La première obligation, c’est l’apprentissage de la langue. Le migrant doit se plier à cette discipline qui ne doit rien avoir de facultatif.
L’apprentissage de la langue doit être accompagné d’une forte incitation à la parler en public, dans les lieux de contact avec les autochtones, transports en commun, spectacles… C’est la condition pour connaître le pays, ses habitants, son histoire, ses us et coutumes. C’est aussi le meilleur moyen de se faire connaître et se faire comprendre. Cet apprentissage doit comporter un volet important concernant les règles de civilité, de bienséance en usage dans le pays d’accueil.
Un problème insoluble ?
« L'immigration constitue et constituera de plus en plus pour des peuples entiers une stratégie de survie. Elle est désormais liée à la mondialisation et à ses conséquences et ne peut de ce fait être traitée de façon isolée et indépendante d'autres aspects de ce phénomène. Elle est pour une bonne part liée à l'état du monde. Trois facteurs comptent dorénavant comme sources génératrices de flux migratoires : la persistance de guerres dans certaines régions du globe, le manque de démocratie dans une fraction importante des États du monde, enfin le décalage grandissant de niveau économique entre Nord et Sud. Les pauvres dans ce monde sont de plus en plus pauvres et de plus en plus nombreux ; ils entendent ne pas demeurer éternellement pauvres et miséreux. Que faire ? »
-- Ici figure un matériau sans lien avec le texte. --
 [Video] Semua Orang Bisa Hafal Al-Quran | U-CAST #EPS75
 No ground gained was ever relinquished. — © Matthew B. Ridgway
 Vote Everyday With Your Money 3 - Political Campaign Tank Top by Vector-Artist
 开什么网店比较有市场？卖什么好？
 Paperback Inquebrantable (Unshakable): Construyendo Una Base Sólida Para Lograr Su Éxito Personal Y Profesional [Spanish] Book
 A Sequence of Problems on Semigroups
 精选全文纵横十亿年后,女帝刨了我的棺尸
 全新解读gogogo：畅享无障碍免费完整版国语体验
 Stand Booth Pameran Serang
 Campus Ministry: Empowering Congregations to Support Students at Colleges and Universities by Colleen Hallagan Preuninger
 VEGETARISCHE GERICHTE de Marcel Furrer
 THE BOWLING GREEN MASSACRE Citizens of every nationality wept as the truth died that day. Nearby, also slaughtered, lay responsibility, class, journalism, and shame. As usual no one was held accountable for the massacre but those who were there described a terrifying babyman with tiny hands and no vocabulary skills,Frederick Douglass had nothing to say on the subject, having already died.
Initier les nouveaux arrivants à la France, à sa culture, à son histoire, c’est une autre condition de l’intégration réussie. Mais avant tout, il faut connaître la France, sa spécificité parmi les autres nations d’Europe et du monde.
Qu’est-ce que la France ?
La France dans le monde ?
« La France n'est ni une simple province du monde, ni un simple quartier du village planétaire. La France, c'est le monde, par la géographie, l'histoire, la culture, par l'impact du génie français sur l'Univers tout entier. La première raison de cet universalisme est sans doute géographique. L'espace national français couvre le monde entier. Cette présence planétaire lui confère le troisième espace maritime mondial ainsi que le bénéfice d'une diversité climatique unique : tous les types de climat, tous les types de flore et de faune. Une telle position l'associe implicitement à la gestion et à la coresponsabilité du monde, liant son sort à celui du reste de la planète. Sa langue est en conséquence l'une des langues internationales après avoir été la première langue de la diplomatie et de la culture pendant plus de trois siècles, jusqu'au traité de Versailles en 1919 ; 180 millions de personnes vivant pour la plupart dans d'anciennes colonies françaises l'utilisent quotidiennement et prioritairement. La Fiance a inventé des formes originales de liens politiques avec des pays d'Afrique et les Etats francophones du monde, matérialisées par les institutions des sommets France-Afrique et la Francophonie. La France maintient en permanence des troupes sur le continent africain (5000 soldats).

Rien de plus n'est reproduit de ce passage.